Top of Supplied records

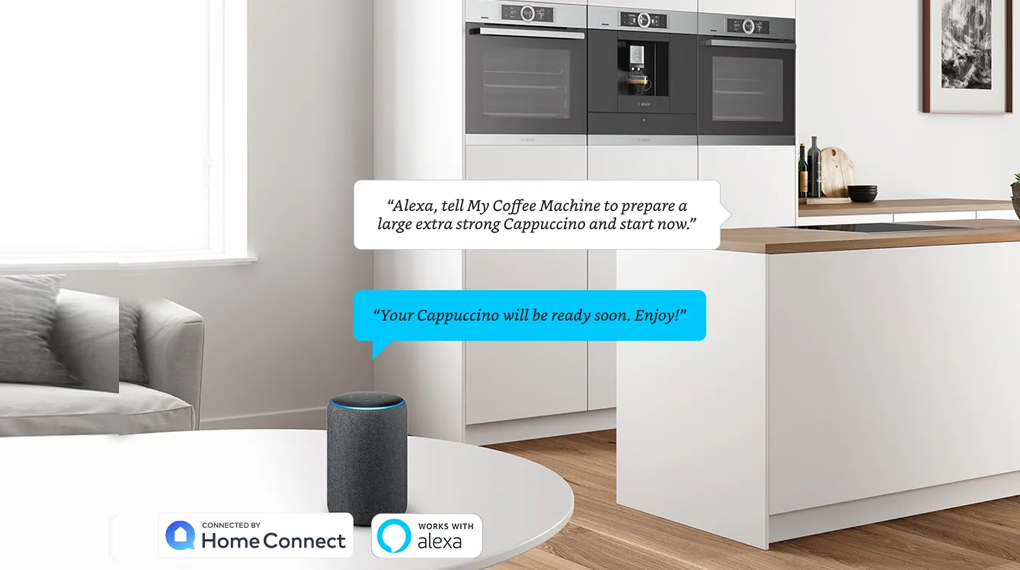 Máy pha cafe tự đông Bosch CTL7181B0 Serie 8-Điều khiển từ xa bằng giọng nói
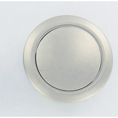 BOUTON + ROSACE POUR PUSH-LOCK BOIS 19mm MARRON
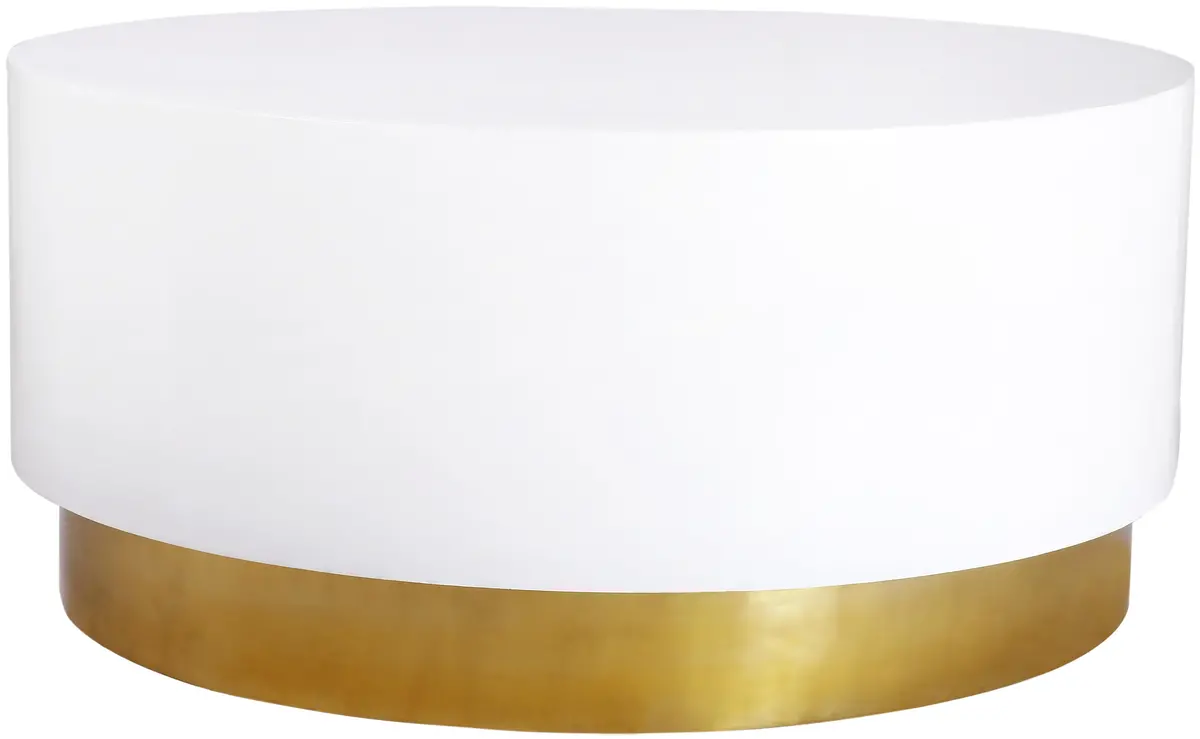 Deco White/Gold Coffee Table 1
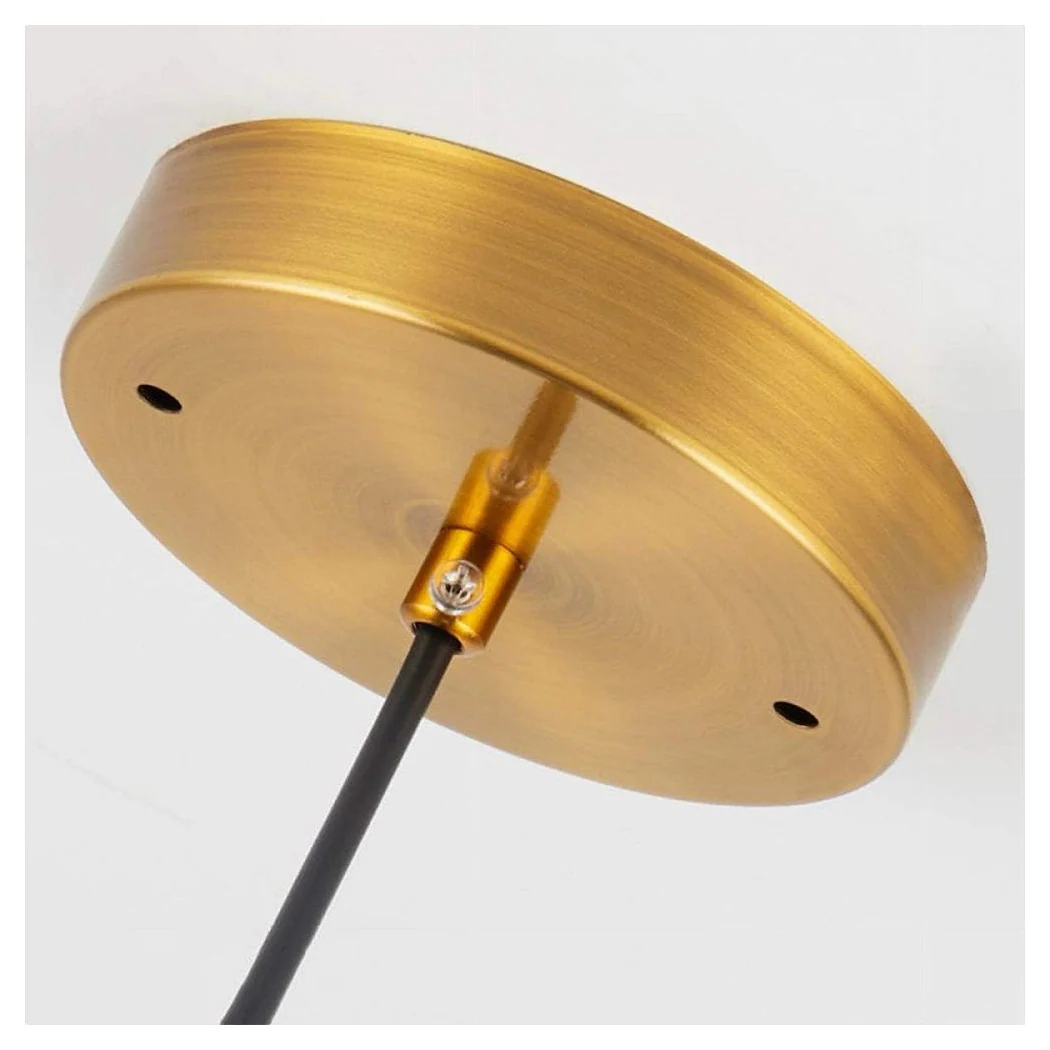 Lámpara de suspensión de oro ovalada con bola de vidrio E27 Minimal Minimal 32835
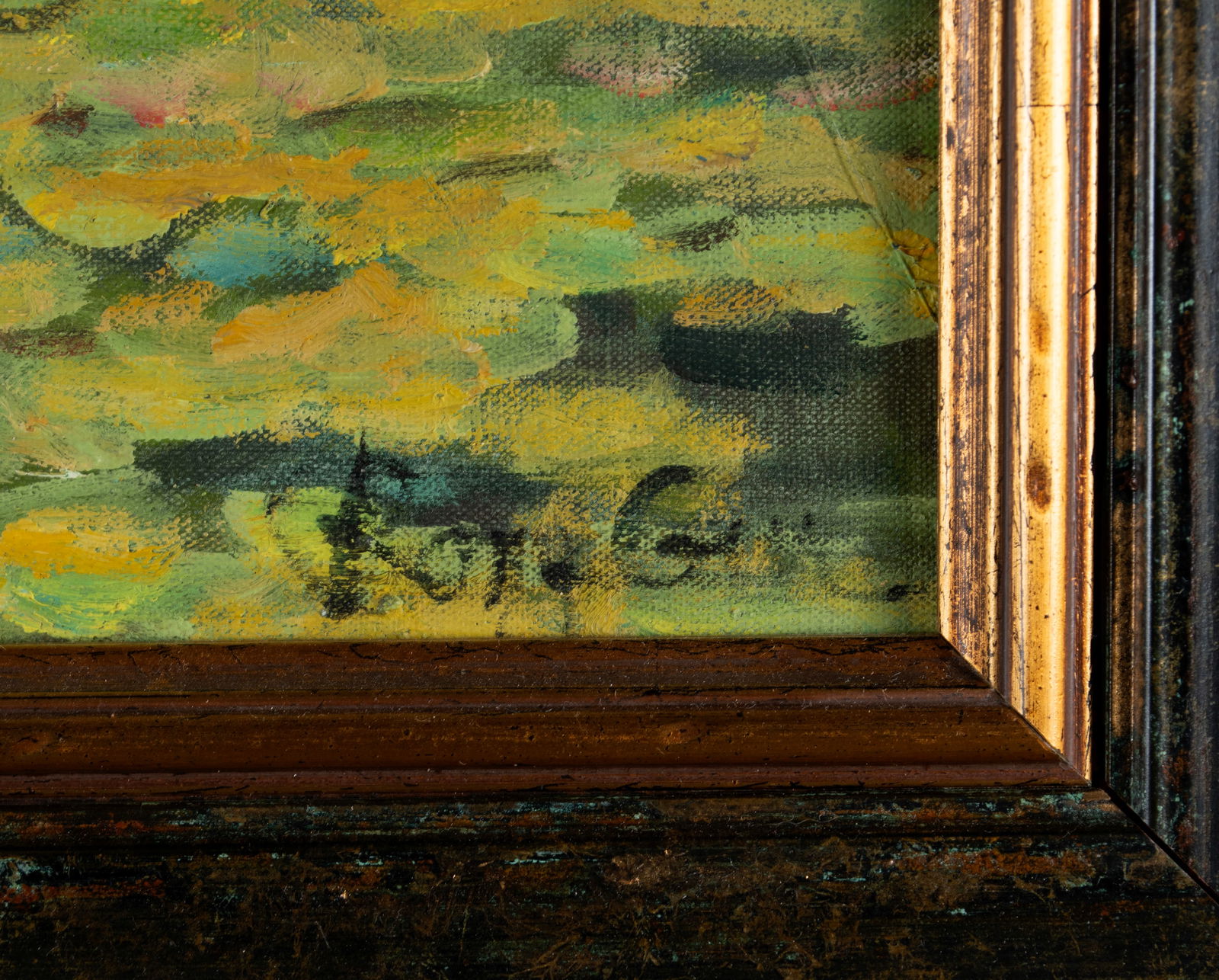 IMPRESSIONIST POND SCENE - 3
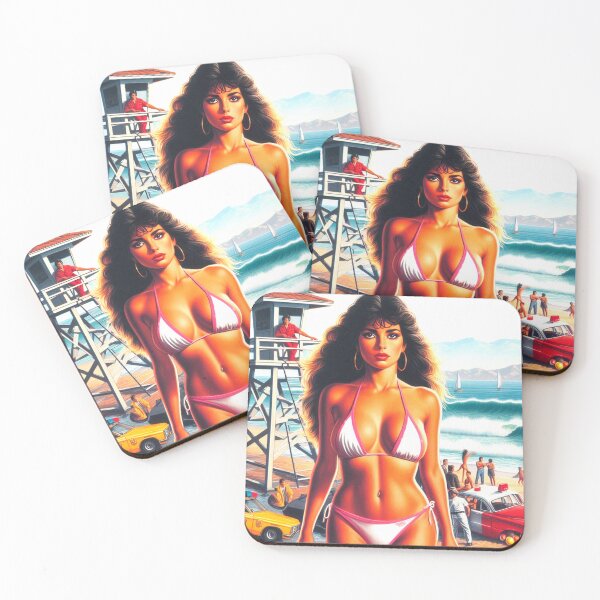 Item preview, 80s Summer Woman designed and sold by PulpVintage.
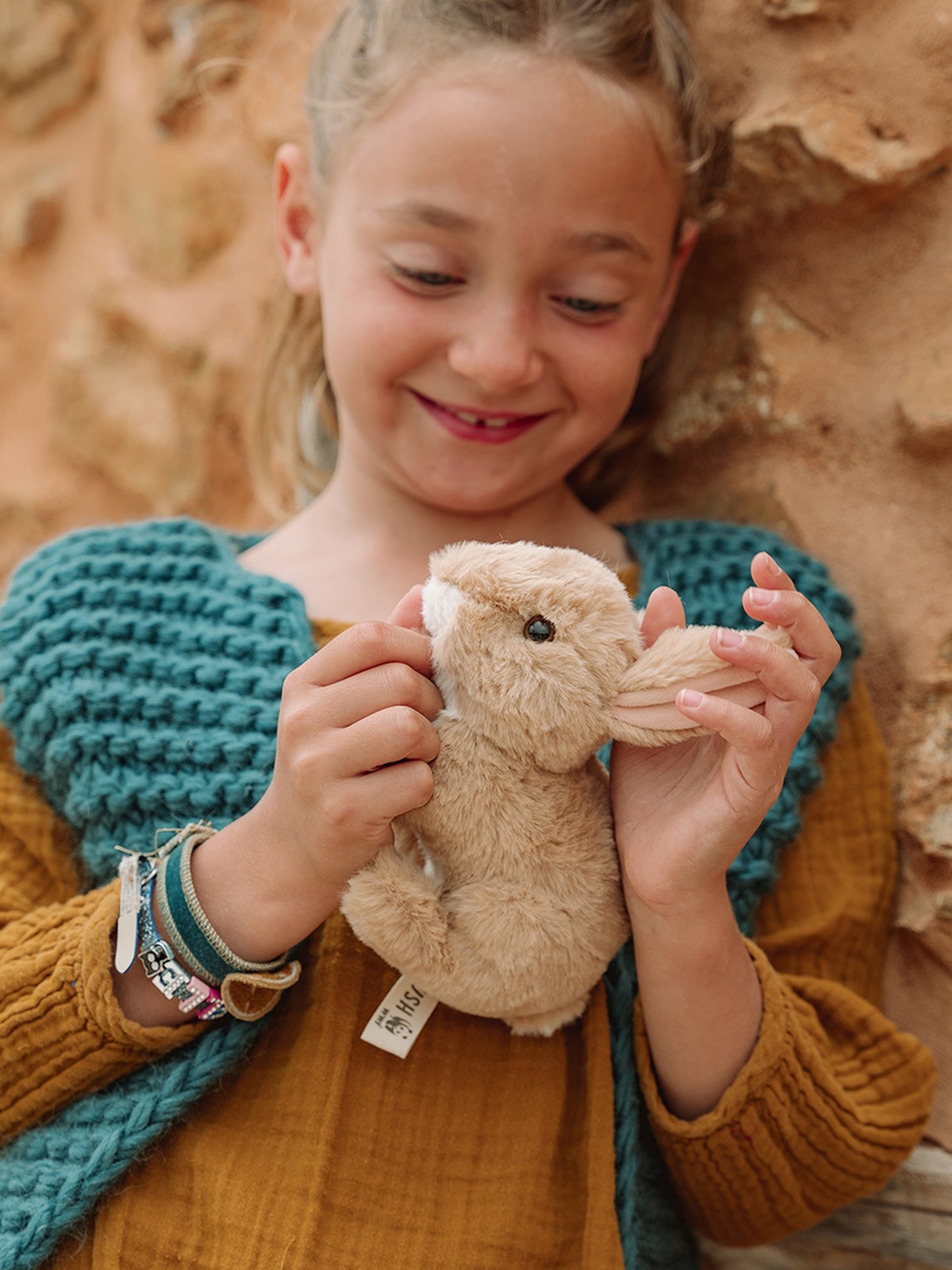 WWF Eco Coniglio beige per bambini,Bon Ton Toys,15182013 WWF ECO RABBIT BEIGE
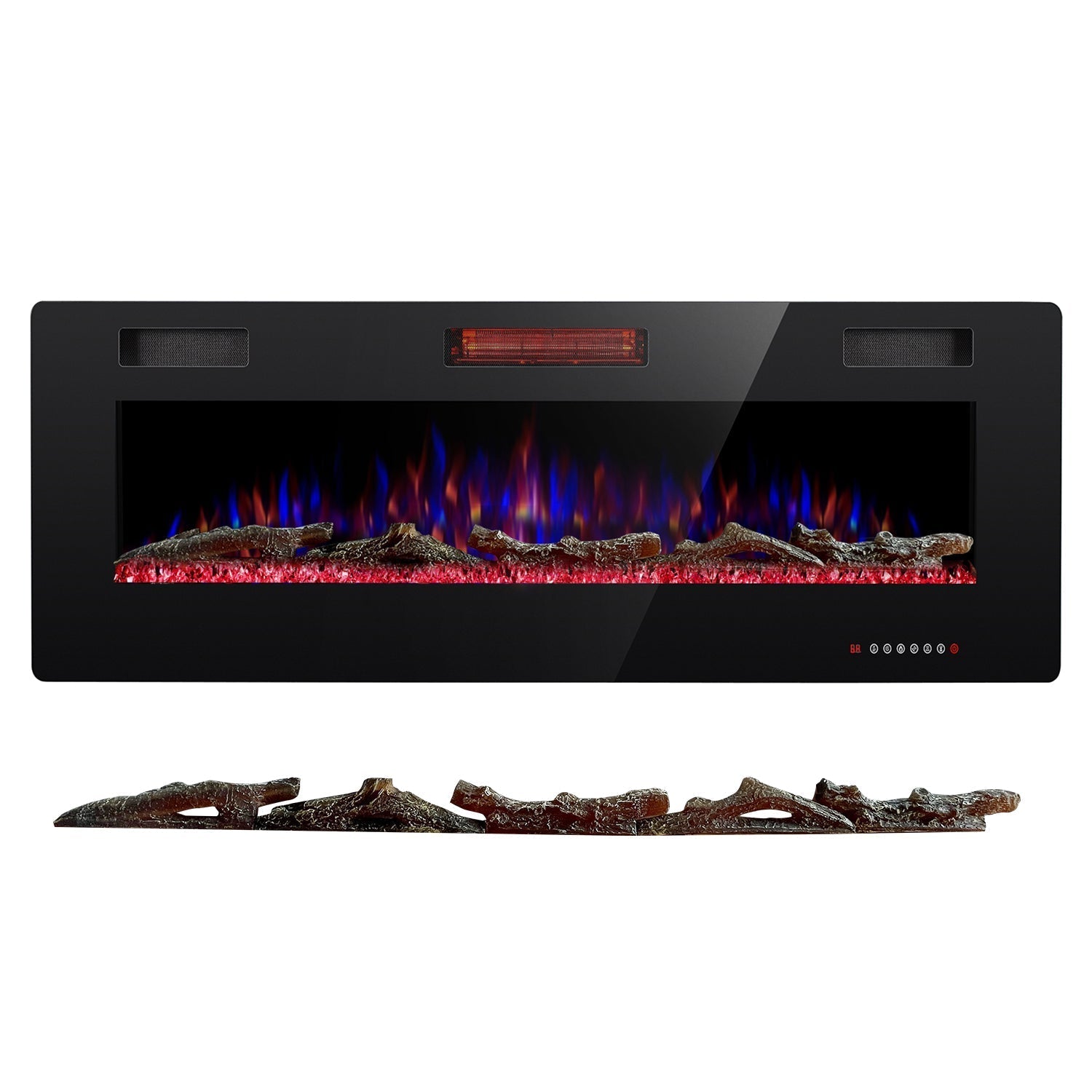 R.W.FLAME Petite Resin Wood Decorative Logs for 50" Electric Fireplace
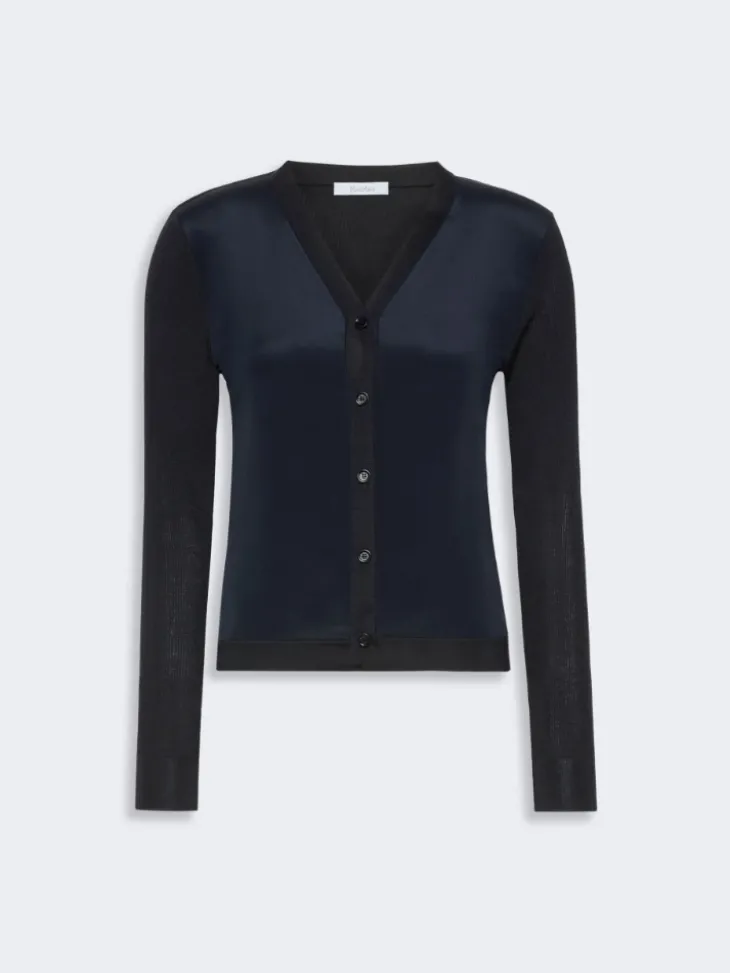 Cashmere and silk cardigan - ULTRAMARINE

Bottom of Supplied records

Copy every record exactly; no pictures.

 Máy pha cafe tự đông Bosch CTL7181B0 Serie 8-Điều khiển từ xa bằng giọng nói
 BOUTON + ROSACE POUR PUSH-LOCK BOIS 19mm MARRON
 Deco White/Gold Coffee Table 1
 Lámpara de suspensión de oro ovalada con bola de vidrio E27 Minimal Minimal 32835
 IMPRESSIONIST POND SCENE - 3
 Item preview, 80s Summer Woman designed and sold by PulpVintage.
 WWF Eco Coniglio beige per bambini,Bon Ton Toys,15182013 WWF ECO RABBIT BEIGE
 R.W.FLAME Petite Resin Wood Decorative Logs for 50" Electric Fireplace
 Cashmere and silk cardigan - ULTRAMARINE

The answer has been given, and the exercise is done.